BERLIN (Reuters) - Germany is set to present France with proposals concerning the planned merger of Airbus parent EADS EAD.PA and British defense contractor BAE Systems (BAES.L), a German government source said on Friday.
Agreed by Chancellor Angela Merkel’s office and the economy ministry, the proposals are aimed at preserving a balance of power between the two countries in the merged company, the source said.
France directly owns 15 percent of EADS and wants to retain its right to influence group strategy, currently conducted in EADS through a complex pact that includes a 7.5-percent stake held by French conglomerate Lagardere (LAGA.PA).
Germany is not a direct shareholder but sees the transaction as a chance to tighten its grip on a balancing stake currently held by Daimler AG (DAIGn.DE) and a group of banks.
The German source gave no further details but his comments confirmed a report in Die Welt on Friday which said Germany was ready to buy up the shares of from Daimler and banks via state development bank KfW if France kept its own stake intact.
The merger to create the world’s largest defense and aerospace company would dilute the influence of the French, German and Spanish governments in the company, prompting negotiations over their future roles.
The Financial Times Deutschland (FTD) said on Friday that Germany and France may try to secure a 27 percent combined shareholding in the new company, but said Britain was opposed.
The stake would create a shareholder counterweight with the power to block decisions by management of the new company, the newspaper said, citing sources familiar with the matter.
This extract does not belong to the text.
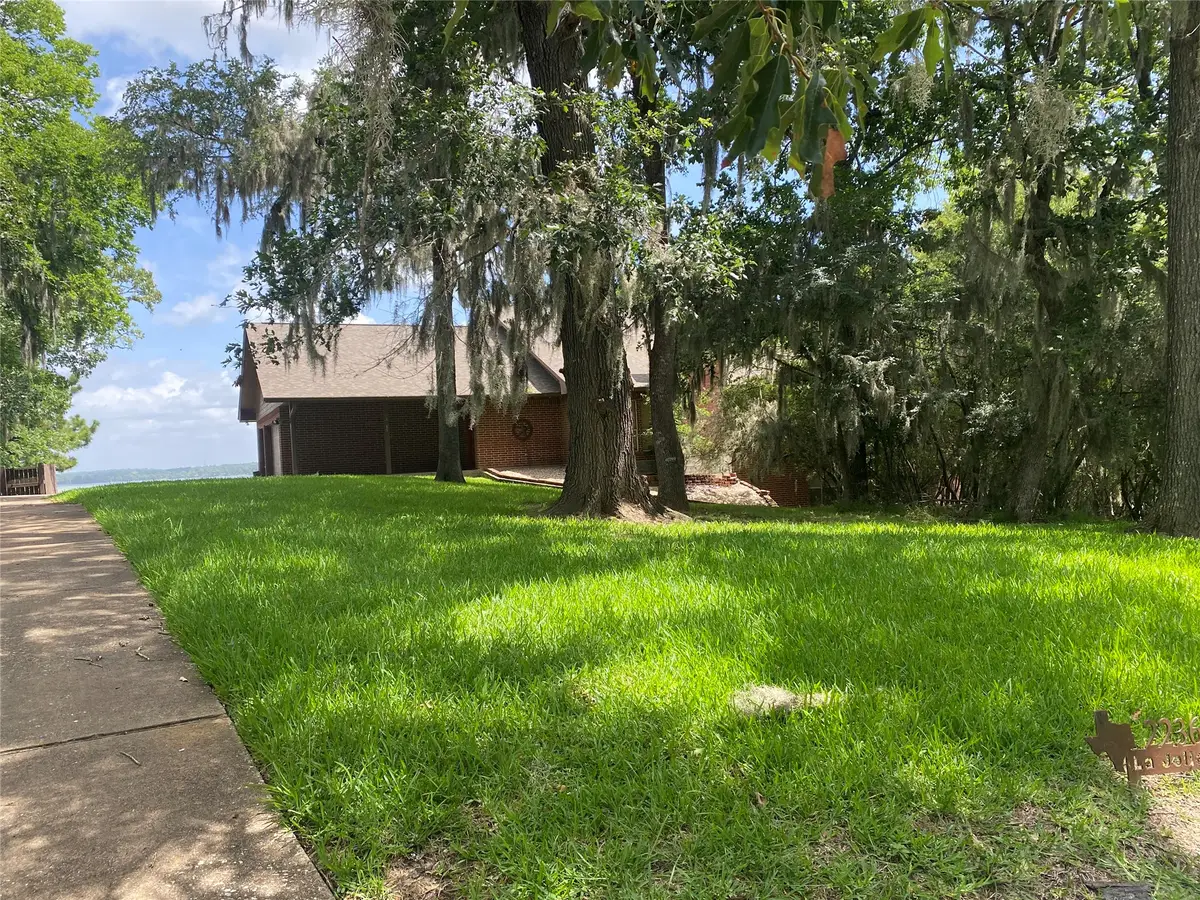 22365 La Jolla Court, Huntsville, TX 77320 - #1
That move could prove a deal breaker since EADS boss Tom Enders has repeatedly said he wants to reduce state influence in a combined company and Britain and the United States remain opposed to state involvement.
“Both companies’ view is that the (EADS) voting blocks need to be dissolved so the new group can operate with a normal commercial governance structure,” said a source close to BAE.
Enders called good governance “the ‘go’ or ‘no go’ for this project” in a letter to employees last week.
Top Airbus customer Tim Clark, president of airline Emirates EMIRA.UL, also sees possible benefits from the merger as a means of helping EADS simplify its structure.
“It might, in a slightly obtuse way, bring some order,” he told reporters this week.
The FTD said the 27-percent stake idea enjoys French support but France has so far proved unwilling to be pressured into trading concessions for the sake of a common position with Germany.
And it remained to be seen if Germany would approve such a proposal, the newspaper said, quoting industry sources.
The two countries should also get a seat each on the board of directors of the merged company, the FTD said.
German concerns over the merger include how to safeguard jobs and protect the new company from any future hostile takeover, according to a government document obtained by Reuters on Monday.
France and Germany agreed at a summit last Saturday to “consult” on the merger talks, but French President Francois Hollande avoided pledging to create a common position.
The idea of a core 27 percent shareholding in the EADS-BAE combine suggests France would have to pay out for Lagardere’s 7.5 percent stake and the German government would have to buy all of Daimler’s voting interest of 22.5 percent in EADS at a critical time for state budgets.
The approach offered by EADS and BAE is to offer instead of the current stakeholder deal at EADS a “special share” in the combined group for each of the governments of France, Germany and Britain, granting them the right to block any future hostile takeover of the merged firm.